The deal covering billions of dollars is expected to be signed during the ASEAN-India Summit in December, officials have said.
ASEAN economic ministers will also hold talks with their counterparts from Australia and New Zealand in an effort to have a trade agreement ready for signing by December, a Southeast Asian diplomatic source said.
Australian Foreign Minister Stephen Smith said recently Canberra hoped to conclude the talks with the 10-member ASEAN in Singapore, but the source said this might not be possible because certain issues still have to be resolved.
But the source added the issues, one of them concerning the rights of New Zealand’s indigenous peoples, were minor. He was confident a deal will be reached in time for the ASEAN Summit in Bangkok in December.
ASEAN has agreed to gradually tear down barriers to trade in goods and services with China and South Korea and has signed a wide-ranging economic partnership deal with Japan, which also covers investments.
Forging the trade links with India and the two Pacific nations will complete the bloc’s ties with all its key Asia-Pacific trading partners, and could be a catalyst for a region-wide free-trade zone, officials said.
ASEAN has a combined population of about 550 million people.

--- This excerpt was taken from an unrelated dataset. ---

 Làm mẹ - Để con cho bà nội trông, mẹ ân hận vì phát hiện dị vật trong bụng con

It is a diverse group which ranges from high-tech Singapore to poverty-stricken Myanmar, and the world’s most populous Muslim nation, Indonesia.
ASEAN is already a free-trade area with 90 percent of goods traded having tariffs between zero and five percent.

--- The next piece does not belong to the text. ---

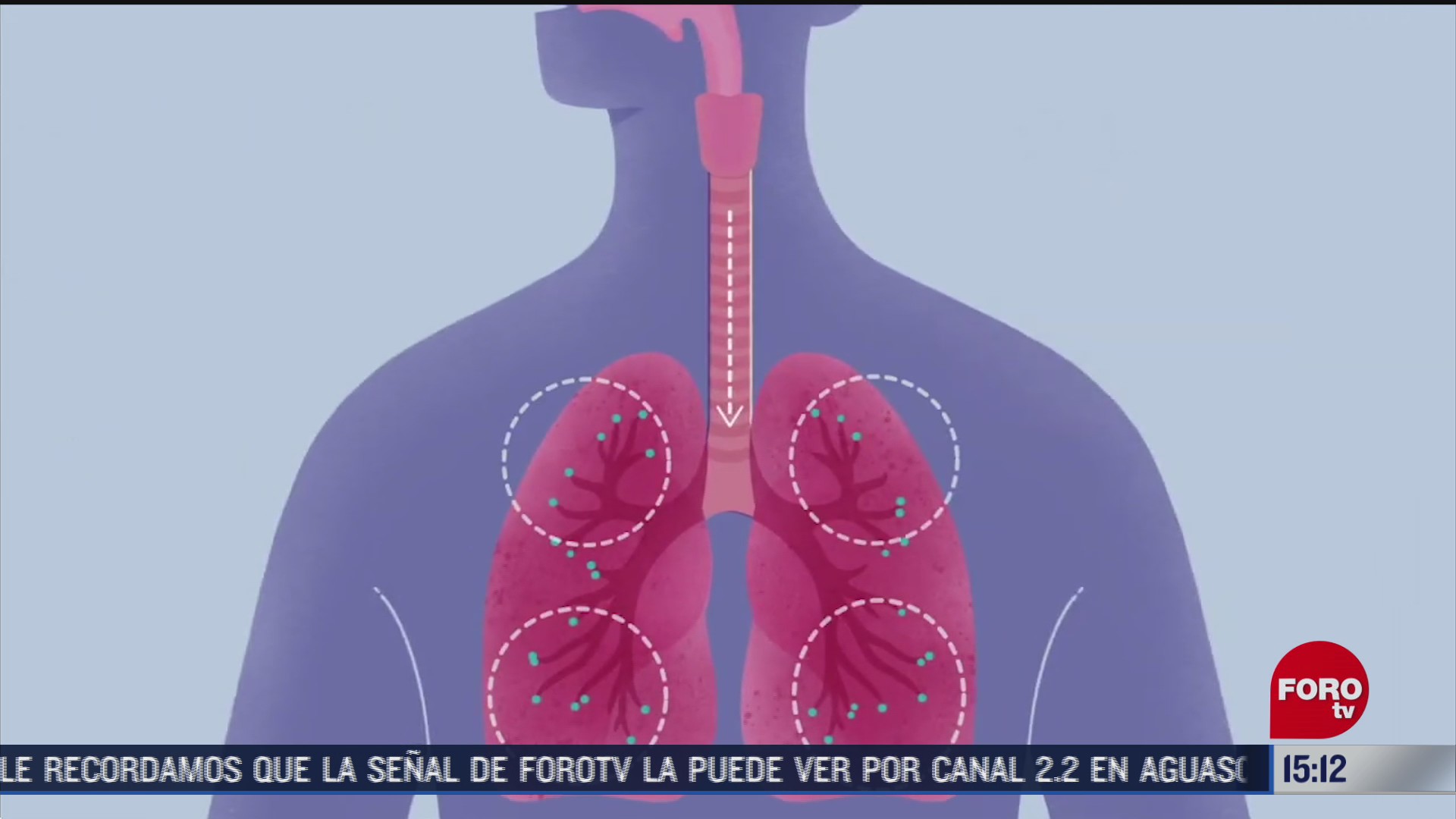 medicos recurren a diversas tecnicas para salvar los pulmones de enfermos covid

This week the ministers are expected to discuss the impact of high oil and food prices and the escalating global economic slowdown on their economies.
But officials said the overriding focus would be on efforts to achieve a single market and manufacturing base by 2015 to raise ASEAN’s profile in the face of competition from China and India.
"To stay in the game, ASEAN must become a strong integrated region," Singapore Prime Minister Lee Hsien Loong said.
He warned that, individually, ASEAN states are "only tiny blips on the radar screens of investors."
Indonesian Trade Minister Mari Pangestu said ASEAN is likely to focus more on implementing and strengthening its free-trade agreements (FTAs) than on planning for a massive 16-nation pact including its key regional trading partners and covering about half of the global population.
But she agreed the FTAs could evolve in the future.
"What we are seeing is that ASEAN is at the focal point of all these trade agreements," Pangestu told AFP, noting that all the ASEAN deals with individual countries are similar in structure.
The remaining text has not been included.